Exercise description »
Apart from the pictures, write out all the records exactly.

########################################

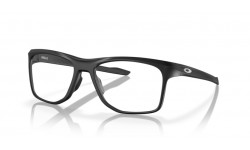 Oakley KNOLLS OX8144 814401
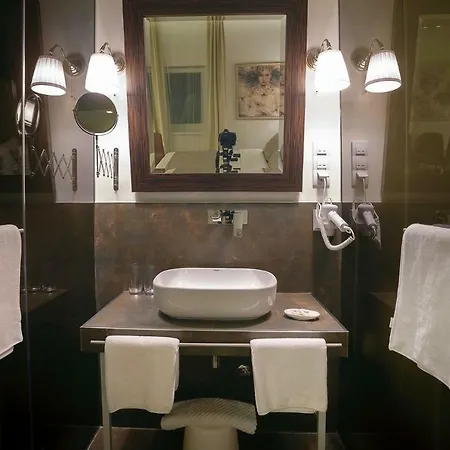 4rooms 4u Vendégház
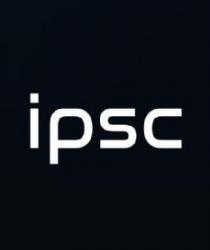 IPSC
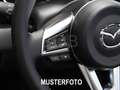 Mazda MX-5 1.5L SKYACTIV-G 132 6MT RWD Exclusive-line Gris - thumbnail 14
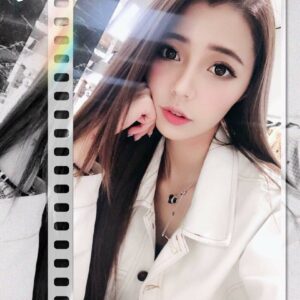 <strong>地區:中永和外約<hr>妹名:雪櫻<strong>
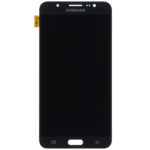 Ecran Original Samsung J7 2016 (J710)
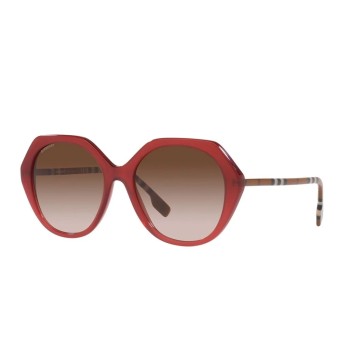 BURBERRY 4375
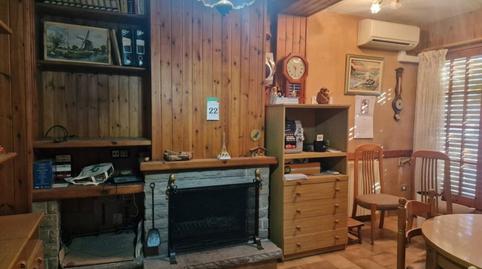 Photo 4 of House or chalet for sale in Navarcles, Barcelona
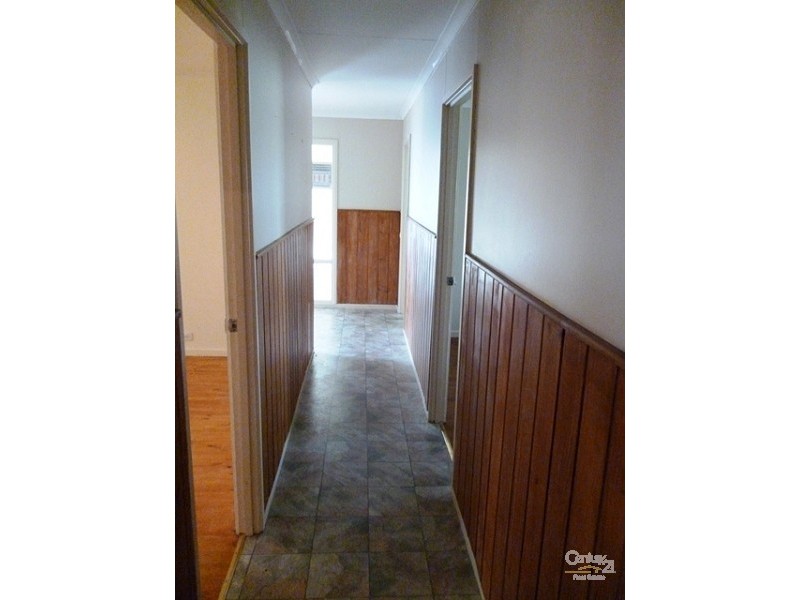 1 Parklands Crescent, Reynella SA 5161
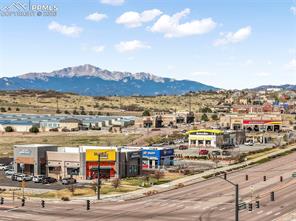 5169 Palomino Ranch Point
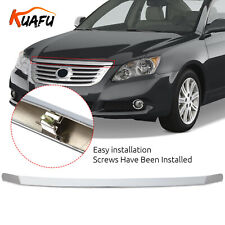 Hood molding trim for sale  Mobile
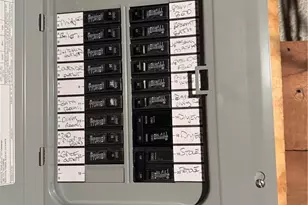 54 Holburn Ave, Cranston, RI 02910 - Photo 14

########################################

Exercise result »
 Oakley KNOLLS OX8144 814401
 4rooms 4u Vendégház
 IPSC
 Mazda MX-5 1.5L SKYACTIV-G 132 6MT RWD Exclusive-line Gris - thumbnail 14
 <strong>地區:中永和外約<hr>妹名:雪櫻<strong>
 Ecran Original Samsung J7 2016 (J710)
 BURBERRY 4375
 Photo 4 of House or chalet for sale in Navarcles, Barcelona
 1 Parklands Crescent, Reynella SA 5161
 5169 Palomino Ranch Point
 Hood molding trim for sale  Mobile
 54 Holburn Ave, Cranston, RI 02910 - Photo 14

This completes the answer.